Hirade Kentaro, Kusumoto Shigeru, Abe Akihiro, Noritake Hatsune, Ito Asahi, Ri Masaki, Komatsu Hirokazu, Iida Shinsuke, Yamamoto Yukiya
Department of Hematology and Oncology, Nagoya City University Graduate School of Medical Sciences, Nagoya, Aichi, Japan.
Department of Hematology, School of Medicine, Fujita Health University, Toyoake, Aichi, Japan.
Int J Hematol. 2022 Dec;116(6):956-960. doi: 10.1007/s12185-022-03421-w. Epub 2022 Jul 19.

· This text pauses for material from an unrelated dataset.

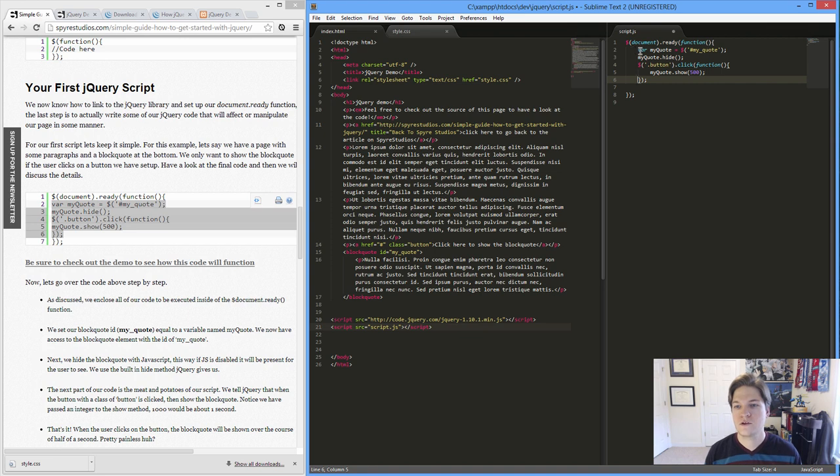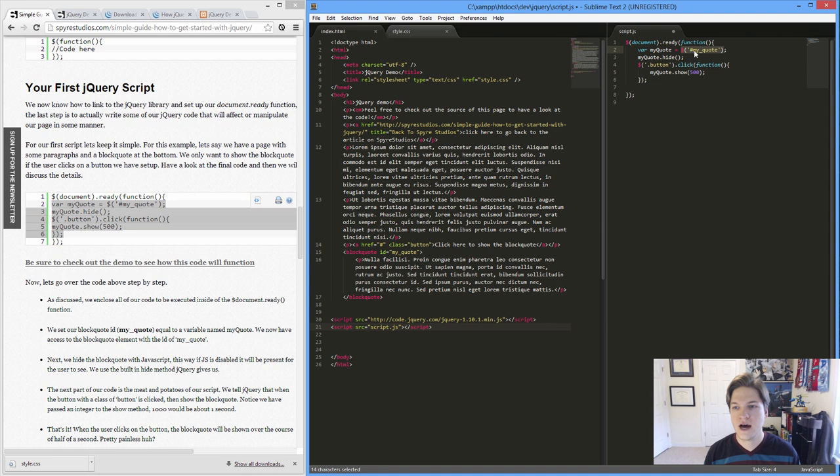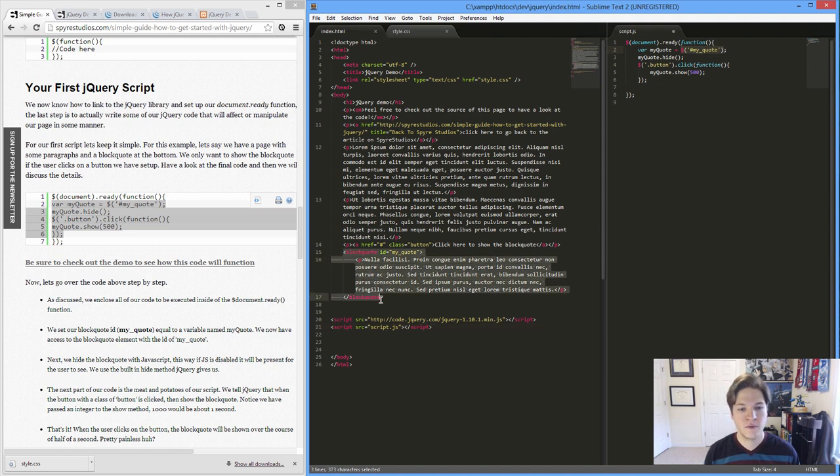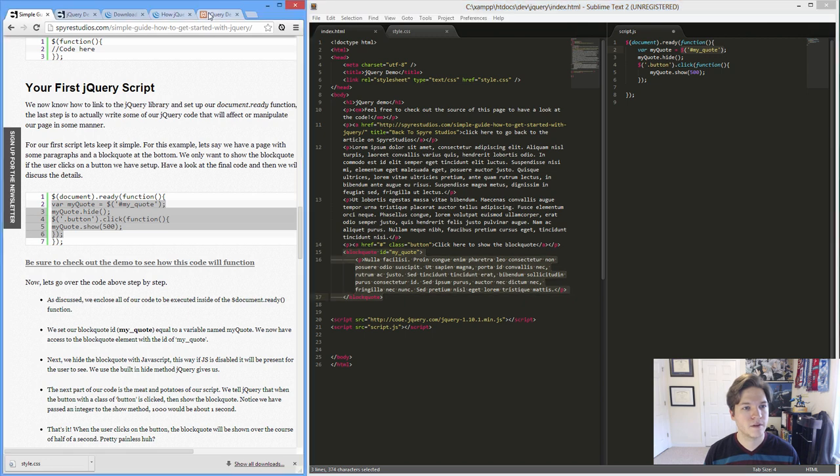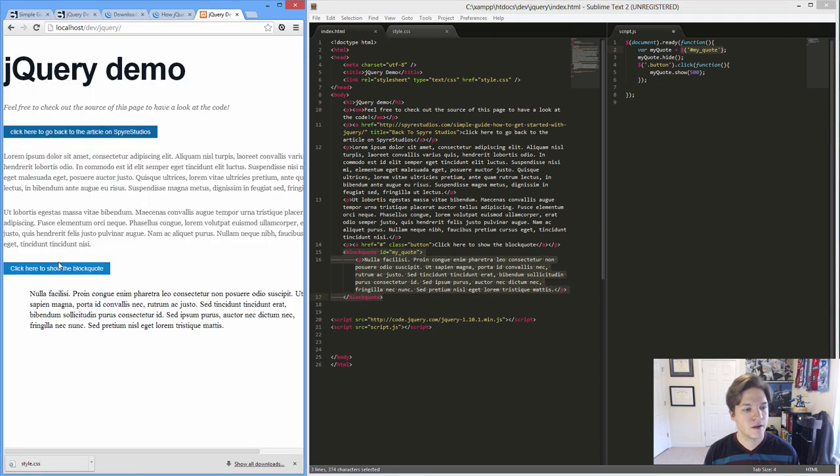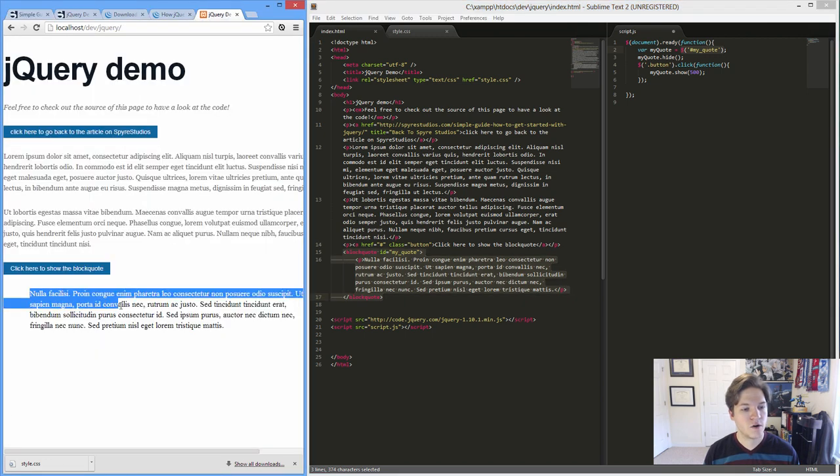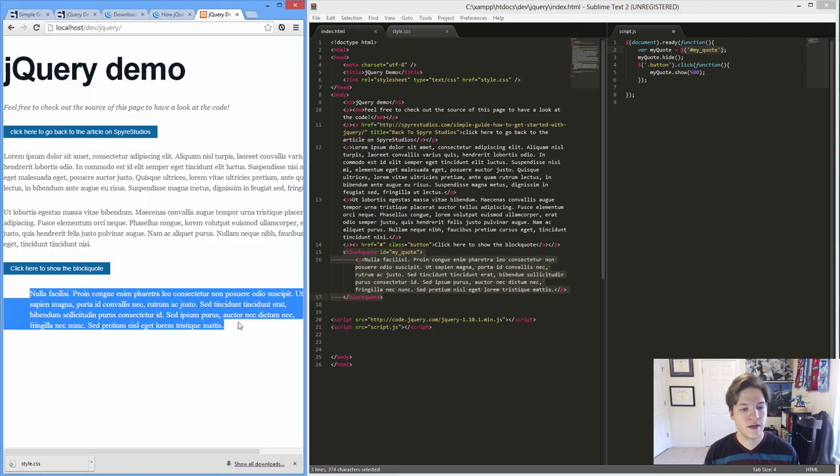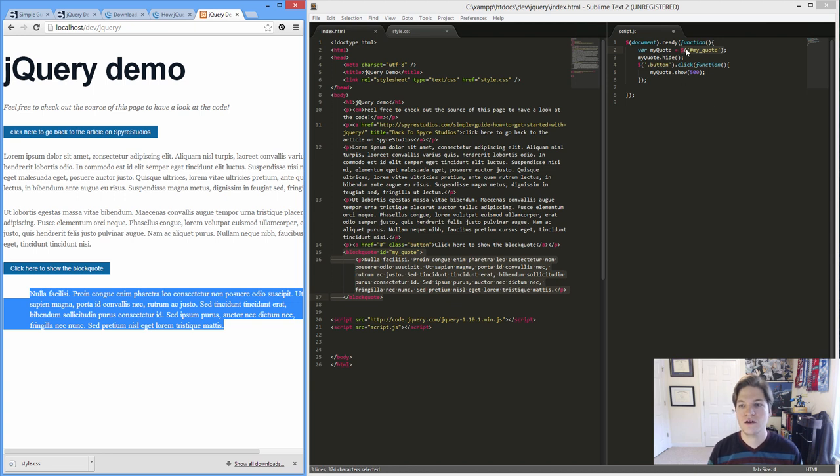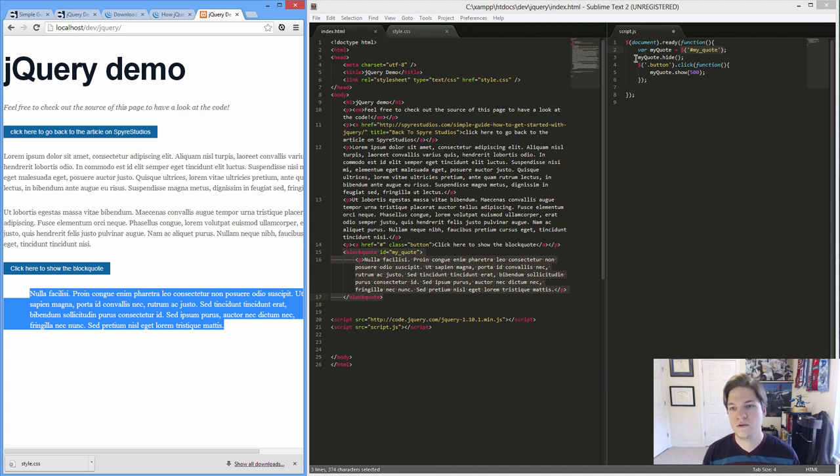They do have a nice little copy paste functionality here that I'm just not using for some reason. Let me get some indentation. So we've created a variable called my quote. And we've identified it as find the ID of my quote. And do we have an ID of my quote? Yes. The block quote here, this block quote has an ID of my quote. jQuery is going to find that and store it in this variable, my quote.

Acute promyelocytic leukemia (APL) is characterized by a series of retinoic acid receptor (RAR) fusion genes that lead to the dysregulation of RAR signaling and onset of APL. PML-RARA is the most common fusion generated from t(15;17)(q24;q21). In addition, the reciprocal fusion RARA-PML is present in over 80% of t(15;17) APL cases. The bcr3 types of RARA-PML and RARA-PLZF in particular are reciprocal fusions that contribute to leukemogenesis. Here, we report a variant APL case with t(11;17;15)(q13;q21.2;q24.1). Massive parallel sequencing of patient RNA detected the novel fusion transcripts RARA-SNX15 and SNX15-LINC02255 along with the bcr3 type of PML-RARA. Genetic analysis revealed that RARA-SNX15L is an in-frame fusion due to intron retention caused by RNA mis-splicing. RARA-SNX15L consisted mainly of SNX15 domains, including the Phox-homology domain, which has a critical role in protein-protein interactions among sorting nexins and with other partners. Co-immunoprecipitation analysis revealed that RARA-SNX15L is directly associated with SNX15 and with itself. Further studies are needed to evaluate the biological significance of RARA-SNX15L in APL. In conclusion, this is the first report of APL with a complex chromosomal rearrangement involving SNX15.
急性早幼粒细胞白血病(APL)的特征是一系列维甲酸受体(RAR)融合基因,这些基因导致RAR信号失调和APL发病。PML-RARA是由t(15;17)(q24;q21)产生的最常见融合基因。此外,在超过80%的t(15;17) APL病例中存在相互融合的RARA-PML。特别是RARA-PML和RARA-PLZF的bcr3类型是有助于白血病发生的相互融合基因。在此,我们报告一例伴有t(11;17;15)(q13;q21.2;q24.1)的变异型APL病例。对患者RNA进行大规模平行测序检测到新的融合转录本RARA-SNX15和SNX15-LINC02255以及bcr3类型的PML-RARA。基因分析显示,RARA-SNX15L是由于RNA错配剪接导致内含子保留而形成的读码框内融合基因。RARA-SNX15L主要由SNX15结构域组成,包括Phox同源结构域,该结构域在分选连接蛋白之间以及与其他伙伴的蛋白质-蛋白质相互作用中起关键作用。免疫共沉淀分析显示,RARA-SNX15L与SNX15直接相关且能自身相互作用。需要进一步研究来评估RARA-SNX15L在APL中的生物学意义。总之,这是首例报道的伴有涉及SNX15的复杂染色体重排的APL病例。